In addition, it was observed that the application of induced MF caused a decrease in column pressure with time (Fig. 4). Studies show that, compared to gas chromatography, HPLC requires a larger pressure drop to reach a given linear velocity. Therefore, solvent mixtures are often used as the mobile phase in HPLC to modify solvent polarity and enhance column performance. For instance, it has been demonstrated that in liquid-solid chromatography, a 2-fold increase in column efficiency was induced by a 2.5-fold reduction in mobile-phase viscosity. Therefore, low-viscosity liquid mobile phases are recommended in liquid-solid chromatography. However, the ranges of conventional liquid-mobile-phase viscosities are constrained, and the solvents available are limited due to the solvent strength criteria for separation. It is clear that in reversed-phase column chromatography, column pressure decreases as the proportion of organic solvent in the mobile phase increases. The results showed that MF induction probably caused a reduction in the viscosity and polarity of the buffer-ACN mixture, consequently affecting the elution performance of the mobile phase. However, by removing the induced MF, the column pressure increased again with a trend that depended on the induced MF intensity. This subject demonstrates the reversibility of the induced MF's effect on column pressure. Additionally, the column pressure variations can be controlled by altering the induced MF intensity and time. This point represents another approach to utilizing induced MFs in the gradient elution programming without altering the solvent composition percentages, requiring consideration in future research. Of course, it should be noted that gradient elution with an MF necessitates both experimental and computational research because of the gradual increase in column pressure over time in induced MF. To do this, an MF of suitable intensity must be induced in a core (chromatographic column) with adequate relative permeability to improve time pressure variations and enable gradient elution.
Table S2 presents the structure, lipophilicity, and molecular weight of the drugs. Induced MF exhibited varying effects on drug separation. To understand the reason for these variations, it is necessary to investigate how MF affects the compounds.
It is well-known that many compounds experience structural alterations in response to variations in composition, temperature, or pressure. Nonetheless, creating a structural phase transition induced by an external MF is a unique approach. An MF can interact with a freely rotating molecule in the ground electronic state with zero orbital and spin-electronic angular momentum. Therefore, it is clear that electrons can be influenced by an MF. Apart from the electron cloud created by the aromatic ring, all these drugs have free electrons. The variation in the number of free electrons and the number of aromatic rings in drug structures could be responsible for the different effects of the induced MF on them.

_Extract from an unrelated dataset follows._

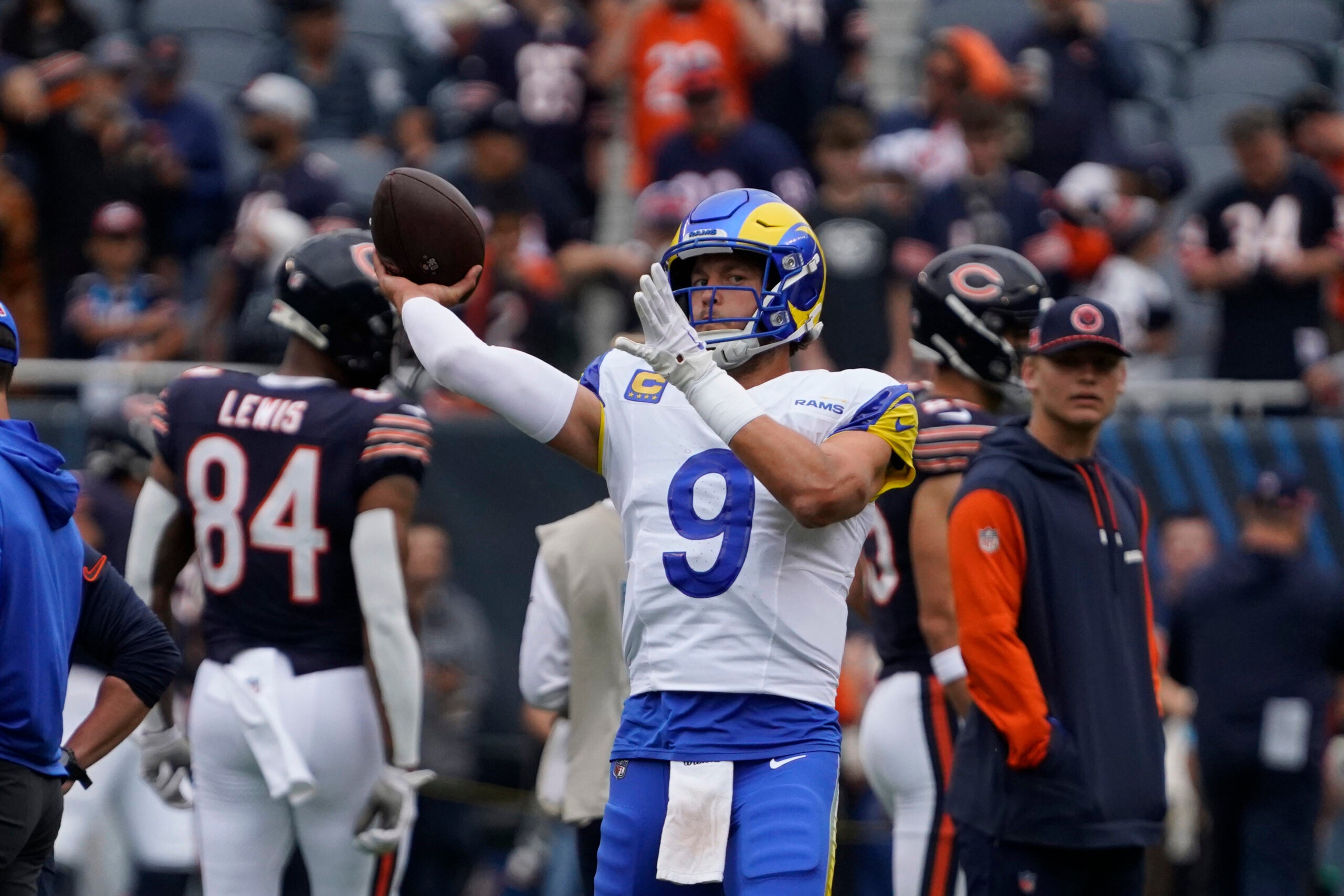 Sep 29, 2024; Chicago, Illinois, USA; Los Angeles Rams quarterback Matthew Stafford (9) warms up before the game against the Chicago Bears at Soldier Field.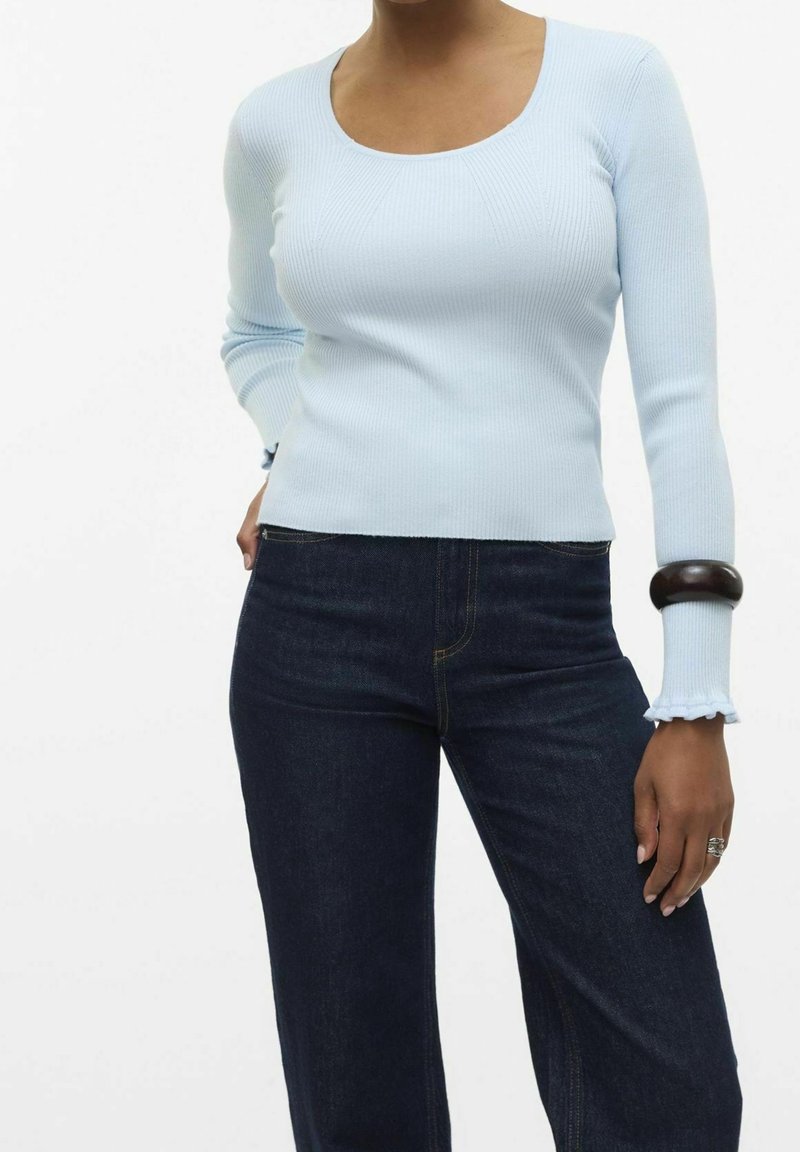 Femme portant un haut à manches longues côtelé bleu clair, un jean bleu foncé, un bracelet noir au poignet gauche et une bague argentée à la main droite.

The utilization of nuclear magnetic resonance (NMR) to evaluate the aromaticity of compounds based on the magnetic response of a molecule in an external MF is a known approach. When an external MF is applied to a delocalized electron system, it produces an induced MF with a long-range. Thus, the presence of aromatic rings in drugs caused them to be susceptible to induced MFs. However, it was observed that drugs would exhibit different responses to the induced MF due to structural differences (Table S2).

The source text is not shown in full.